Southerners love the legend of the dogwood tree, whose beautiful flowers bloom around Easter time and form the shape of the Cross:
At the time of Crucifixion the dogwood had been the size of the oak and other forest trees. So firm and strong was the tree that it was chosen as the timber for the cross. To be used thus for such a cruel purpose greatly distressed the tree, and Jesus nailed upon it, sensed this. In His gentle pity for all sorrow and suffering Jesus said to the tree:
“Because of your regret and pity for My suffering, never again shall the dogwood tree grow large enough to be used as a cross. Henceforth it shall be slender and bent and twisted and its blossoms shall be in the form of a cross–two long and two short petals. And in the center of the outer edge of each petal there will be nail prints, brown with rust and stained with red, and in the center of the flower will be a crown of thorns, and all who see it will remember.”
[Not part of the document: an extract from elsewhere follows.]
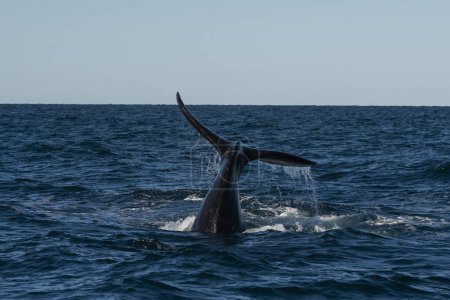 Téléchargez les photos : Sohutern queue de baleine noire, Péninsule Valdes, Chubut, Patagonie, Argentine - en image libre de droit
So How Should a Christian Look at Easter?
On Easter Sunday, which perhaps we should call Resurrection Sunday, we celebrate God’s plan for the redemption of the world through Christ’s death, burial, and resurrection. We celebrate it in worship, in repentance, and in joy.
In a limited way, we can enjoy Easter bunnies and Easter eggs as the natural man’s limited way of understand God’s redemption of the world. But we must keep it in perspective. The world does not redeem itself through some World Spirit or Earth Mother. Rather, the transcendent God, Who is above and beyond His creation, took the initiative and broke into time and space, took upon Himself human flesh in the Person of Jesus Christ, and redeemed the world through His Death on the Cross.
And for us, His temporal redemption of nature fades into insignificance when compared to the salvation He has procured for us for all eternity.
So how is it with your soul? Are you trusting Him for your salvation?